Ripon Basin to Oxclose Lock
The next few days we’ll be on the river again and staying in places not so cat friendly so today we decided to move back to Oxclose Lock and give Tilly a few hours of freedom, but first we waited for the rain to subside. Six years ago it also rained as we left Ripon.
By 11:30 it looked like it was drying up, time to roll the covers up and make our move, with chores to do it would be a stop start journey. First up to the very end of the Ripon Canal, the trip boat not going anywhere today, here we winded and headed back to the otherside of a cruiser that had joined us yesterday.
The yellow water tank was emptied the container left on the bow to be emptied at the services which was our next port of call. Here we cut the corner again, NB Otter having moved on meant we had more room to play with today. Facing downstream we used the other tap and were surprised that this tap had much better pressure than the other one. The tank would be full by the time we’d done our other chores.
Tilly got a clean pooh box, Mick dealt with rubbish and the yellow water, the tank was full and we could move on, now in the rain!
Six years ago on Lillian we’d squeezed into the two locks on the way up. Mick hadn’t been confident at missing the cill on our way back down, so after topping up with water we’d winded and then reversed through the locks, giving us that bit of comfort knowing that the bow could overhang the cill if needs be. This is one of the reasons we had Oleanna built a foot shorter, we knew she’d fit even if we still had to go behind a bottom gate on a slight diagonal.
Pulling out of Bell Furrows Lock I managed to take a photo of the top gate. On facebook groups there are often people complaining of leaking gates, people expecting them to be watertight.
Well this gate is by far the worst we’ve seen in a long time and being a touch long for the lock Mick hid behind closed doors as the lock emptied, keeping his legs dry.
Lillian’s back deck had no gaps in the surround, so leaks like this would only have one way to go and that was through the engine board drains or down into the engine bay itself, another reason for going down backwards.
I then elected to walk down to Oxclose Lock, this was so I could see what lay behind the sideways trees.
First there was a lake, here a few cormorants sat whilst others dived, the occasional swan added a touch of variety.
Then the lake in the middle of the race course.
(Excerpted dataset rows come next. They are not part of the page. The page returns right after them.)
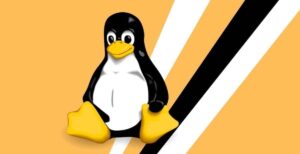 Scopri di più sull'articolo Un’università americana è stata bandita dalla comunità di Linux perché distribuiva appositamente patch con bug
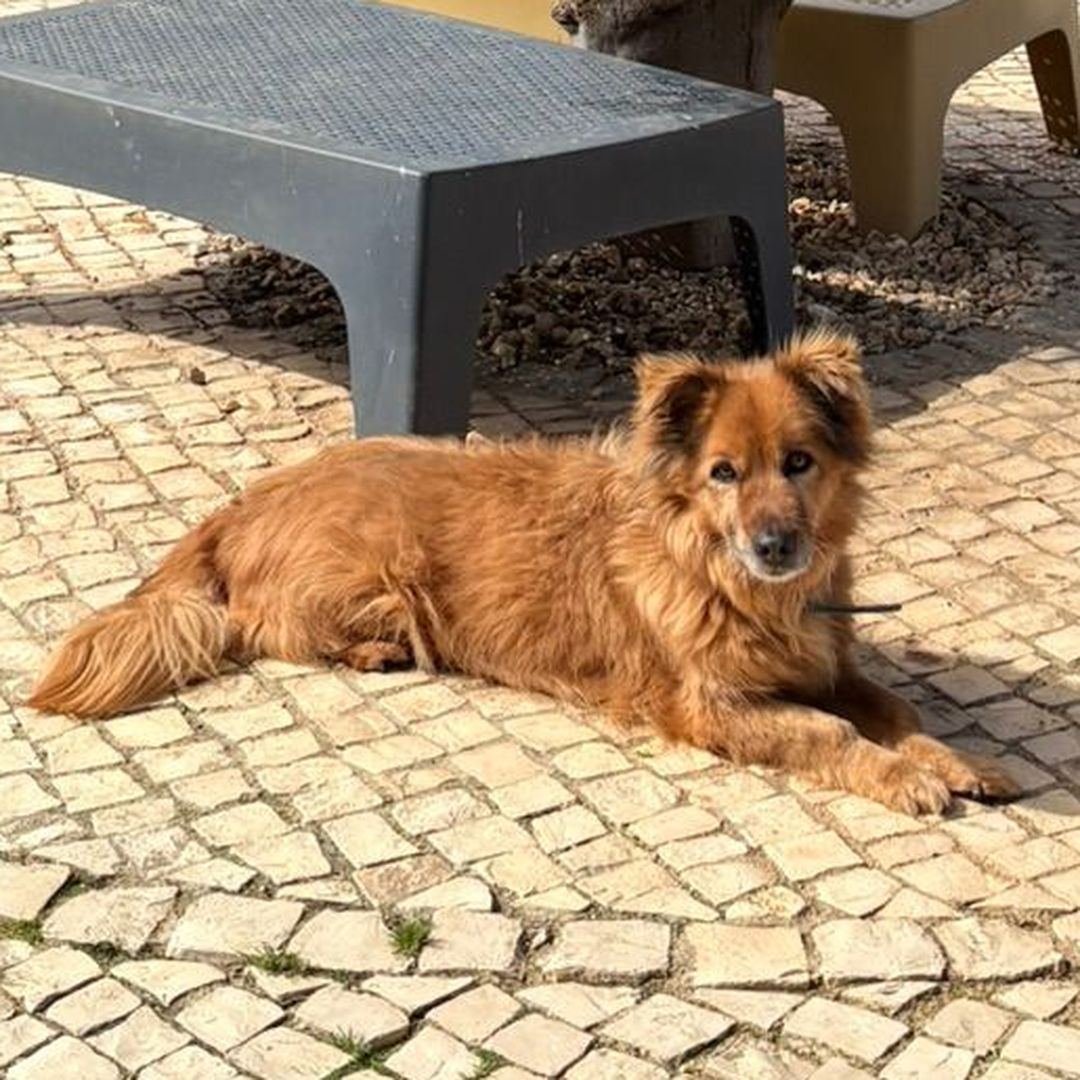 Fozzie liegt draussen am Boden und sieht in die Kamera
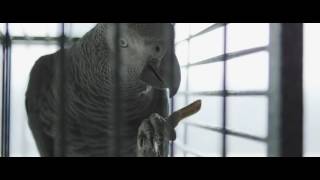 Hayce Lemsi   Haute Sphère Feat Haristone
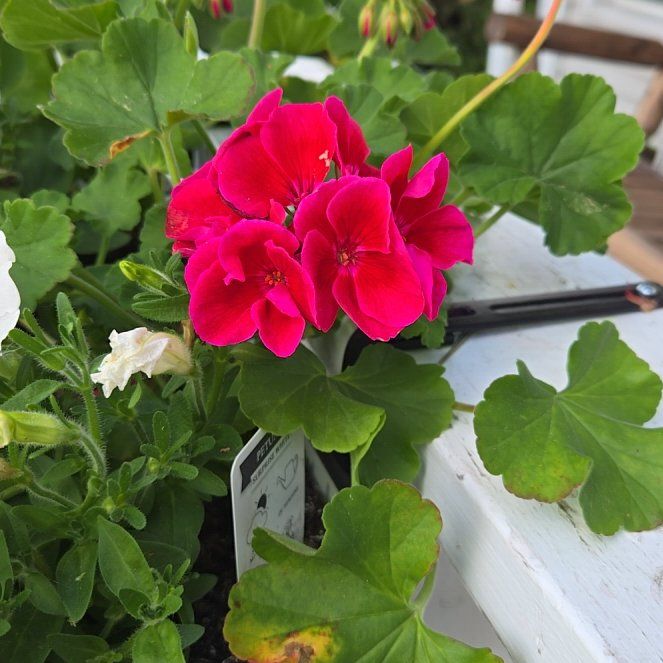 Photo of the plant species Calliope Geranium by @Tangerine named Remington on Greg, the plant care app
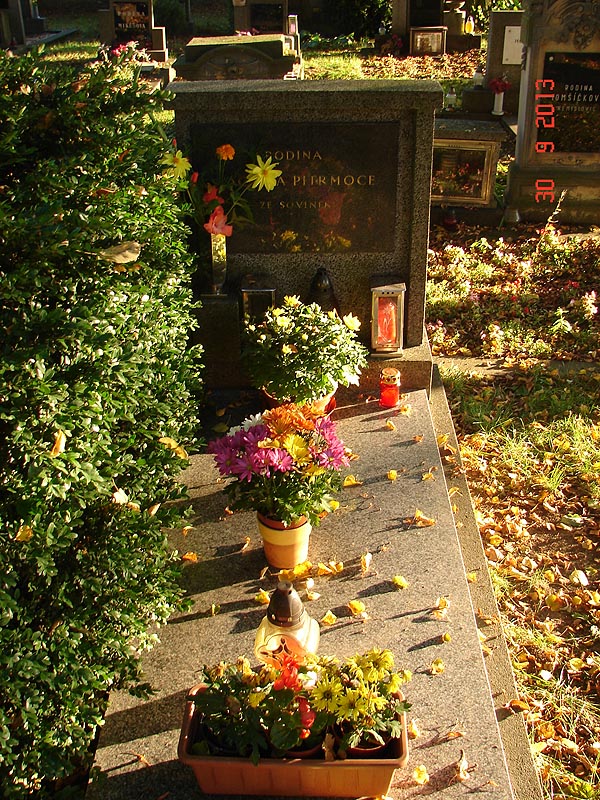 České hřbitovy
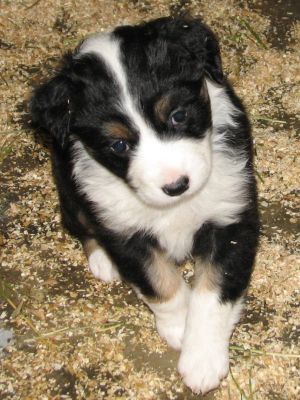 Cassie × Max litter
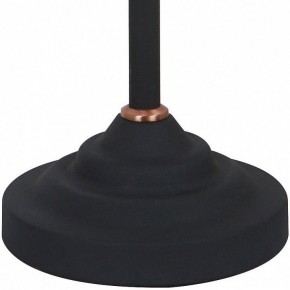 Настольная лампа офисная Arte Lamp Braccio A2054LT-1BK в Озерске - ozersk.mebel24.online | фото 4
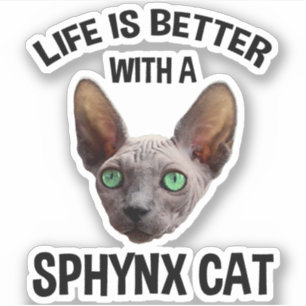 Pegatina La Vida Es Mejor Con Un Gato Sfinx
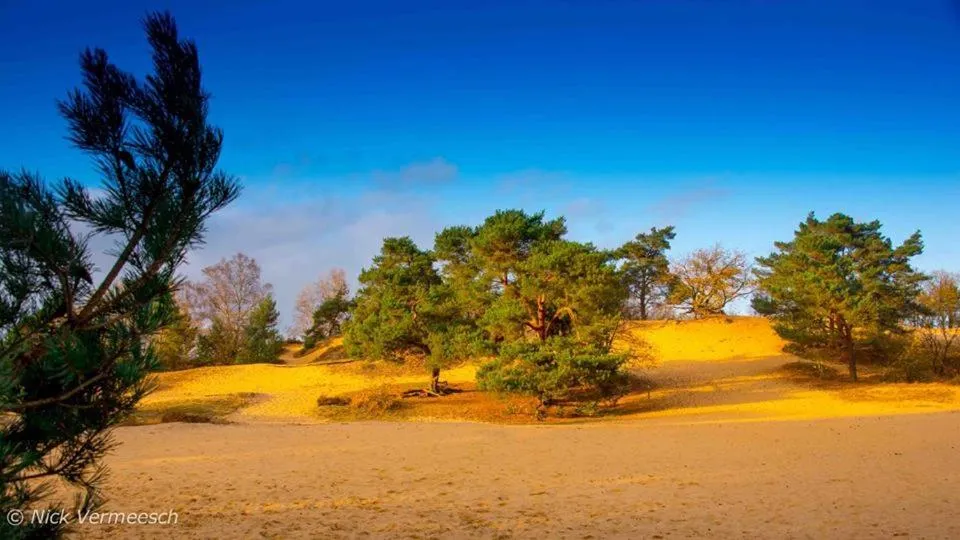 Landmark view in De Blauwe Maaten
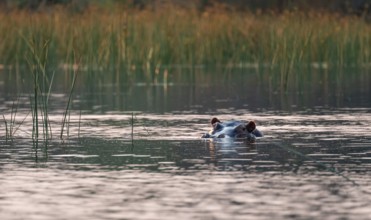 Evening mood, hippo (Hippopotamus amphibius) in the Okavango Delta, Botswana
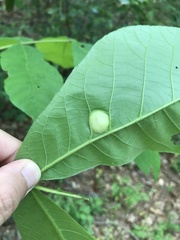 Phylloxera caryaescissa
Here a fisherman had erected a green tent and was hoping for a bite.
The last lake was a totally different matter. This is Ripon City Wetlands Reserve. It was filled with thousands of geese, mostly greylags from what I could see. The lakes have been formed from sand and gravel quarries and this last lake is by far the most popular of them all.
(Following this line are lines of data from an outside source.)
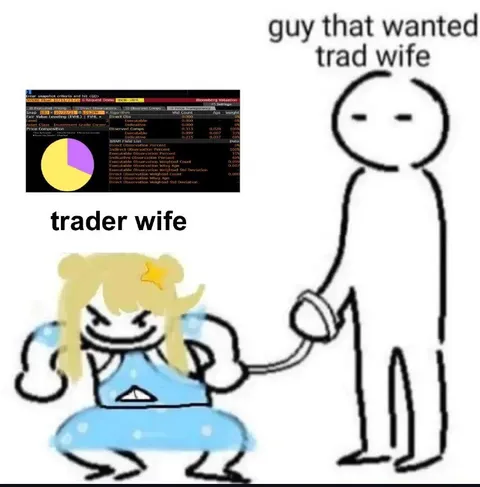 Guy Wanted a Trad Wife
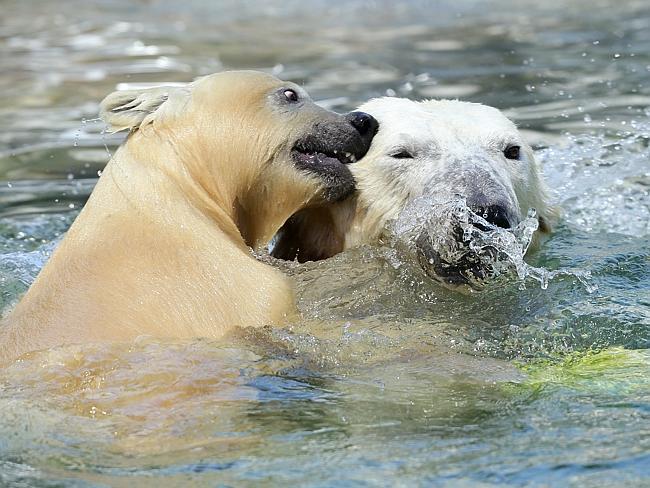 Sea World's baby Polar Bear Henry celebrates his very first Christmas at Polar Pre-School with his mum Leah. Pics Adam Head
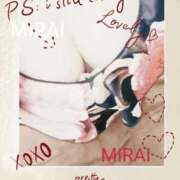 ヒメ日記 2025/07/29 11:30 投稿 みらい 石庭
Clouds of gaggeling geese flew over trying to find gaps in which to land. The noise was colossal! Glimpses through the sideways trees made me wonder if any more birds could fit!
On the other side of me Mick pootled along, looking a little bit superimposed in my photo here as the bank is so high.
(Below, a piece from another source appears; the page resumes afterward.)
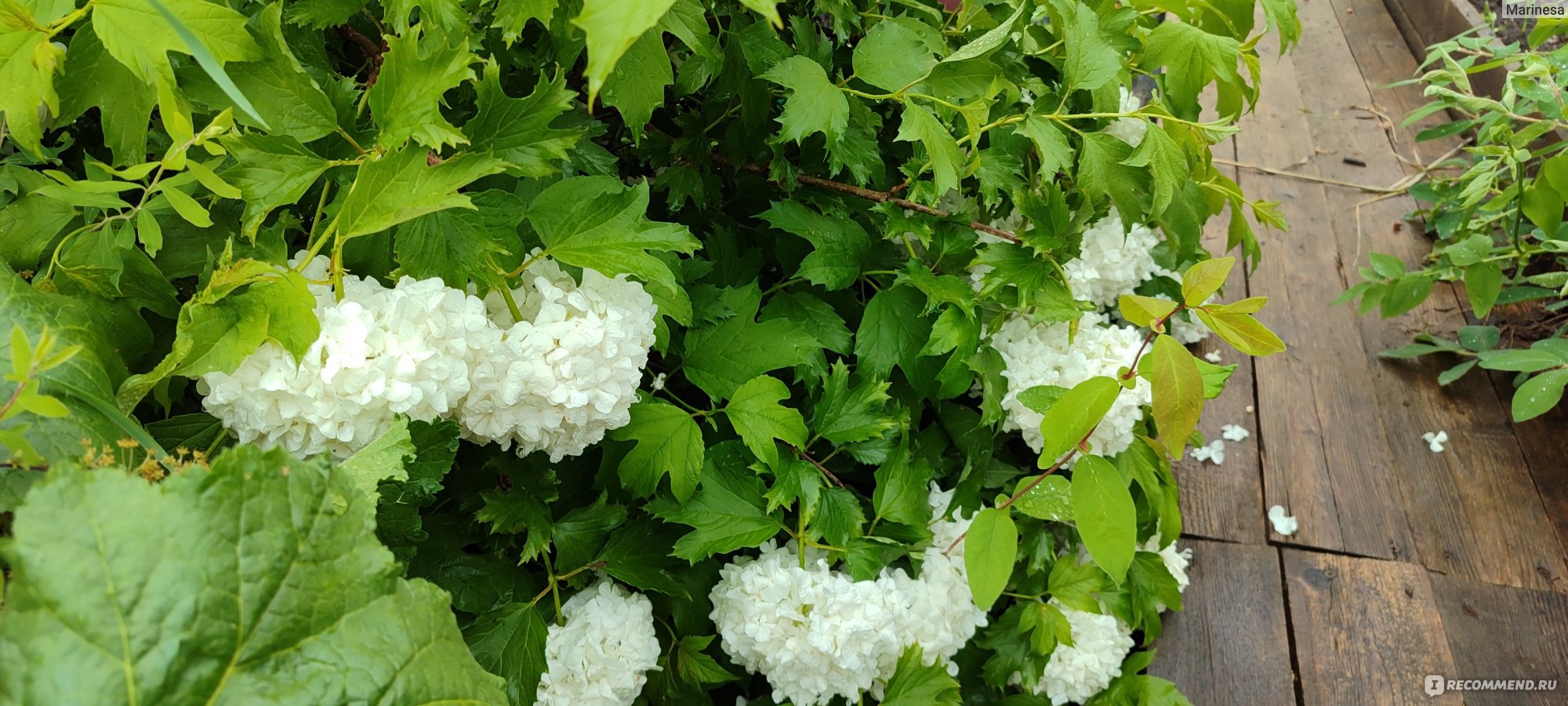 Калина буреинская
Reaching Oxclose Mick pulled in at the end furthest away from the lock whilst I walked round over the lock gates. Two volunteers were hard at work with a pump and jet wash giving the lock landings a good clean.
Tilly was given five hours and came and went all afternoon. Returning for some Dreamies every hour and then off again to find friends.
At cat curfew time I heard a very loud hiss from the sideways trees and peered into them to see what was happening. Tilly had the biggest mohican back and bushy tail ever and seemed to be having a stand off with something. With back up from me she headed straight for Oleanna, had a good chomp at her evening ding ding and then fell asleep.
2 locks, 2.04 miles, 1 full water tank, 1 empty wee tank, 0 rubbish, 1 farewell to Ripon and it’s otter, 1 damp day, 3 lakes, 1 fisherman, 4578432 geese, 2 volunteers, 1 exhausted cat, 2 soaked trainers, 2 boaters watching the levels.